Data Retrieval and Cleaning

In a single run, the agent retrieved 1,268 interventional clinical trials and returned a table with the four requested columns together with NCT ID. 

Figure 1: Excerpts from the Reasoning tab of the agent showing retrieval of data from ClinicalTrials.gov.

The process began with the agent connecting directly to the ClinicalTrials.gov API to retrieve over 1,200 interventional trials. The agent then performed data cleaning and harmonization. For instance, it mapped heterogeneous intervention descriptions, such as "microtubule stabilizer" or "DNA crosslinker", into standardized Mechanism of Action (MoA) categories. This allows researchers to immediately see therapeutic trends rather than going through raw, inconsistent text manually.

Landscape visualization

To provide an immediate high-level view, the agent also generated a multi-panel visual summary of the data. This allows researchers to identify the most active sponsors, the current clinical phase distribution, and the dominant therapeutic modalities in the triple negative breast cancer (TNBC) space at a glance.

Figure 2: A comprehensive visual landscape of 1,268 TNBC trials generated by Edison, showing phase distribution, trial status, top 15 sponsors, and leading mechanisms of action.

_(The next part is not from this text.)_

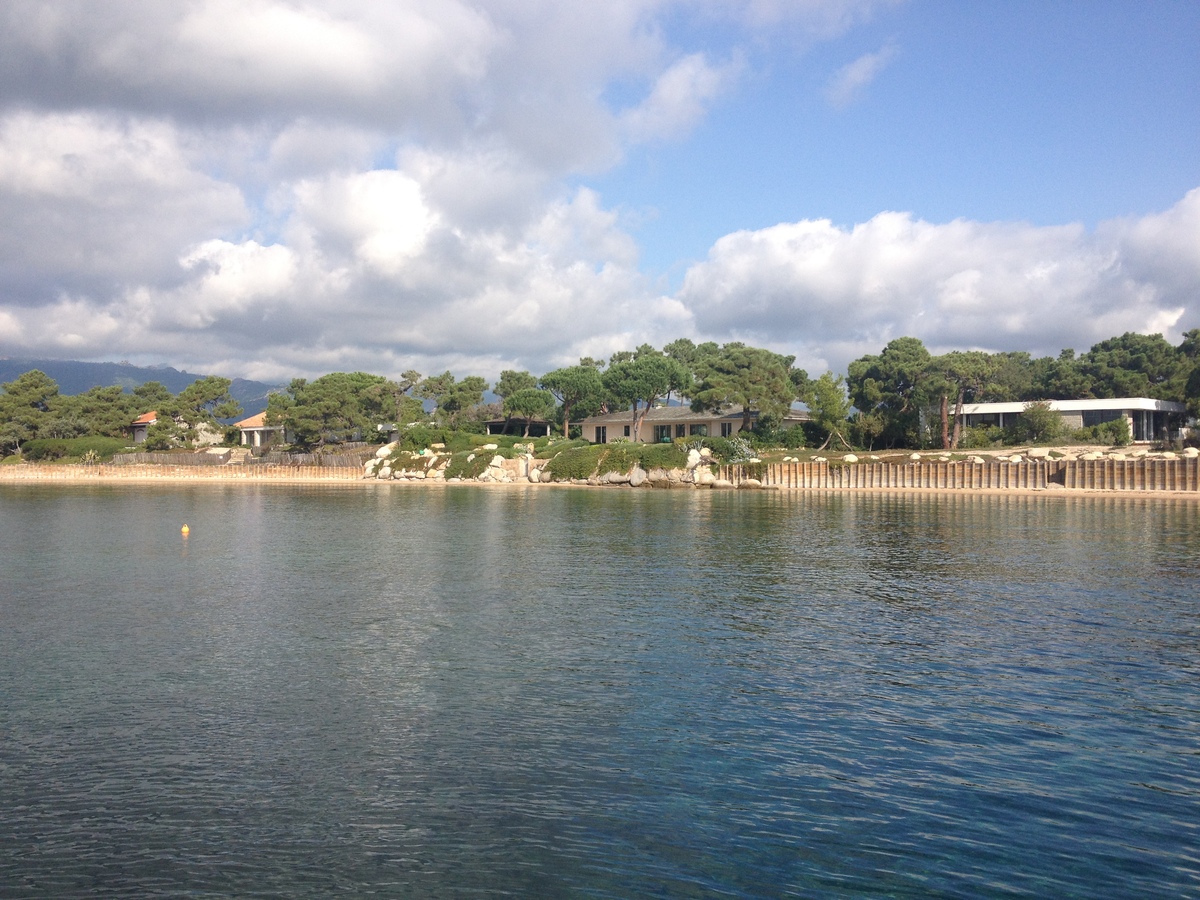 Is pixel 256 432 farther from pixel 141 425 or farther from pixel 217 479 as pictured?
pixel 217 479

Structured, Auditable Outputs

The final output provided by the agent was a downloadable, clean table containing the exact parameters requested. Because the agent operates entirely within a transparent notebook environment, every step of the filtering and mapping logic is auditable. Researchers can download the full notebook and the curated CSV files to local environments for further custom analysis.

Figure 3: A screenshot of the output csv table with NCT ID and the four requested columns (Phase, Sponsor, MoA and Status).

By automating data aggregation and cleaning, Edison Analysis allows scientists to spend less time on data wrangling and more time on the strategic interpretation of the clinical landscape.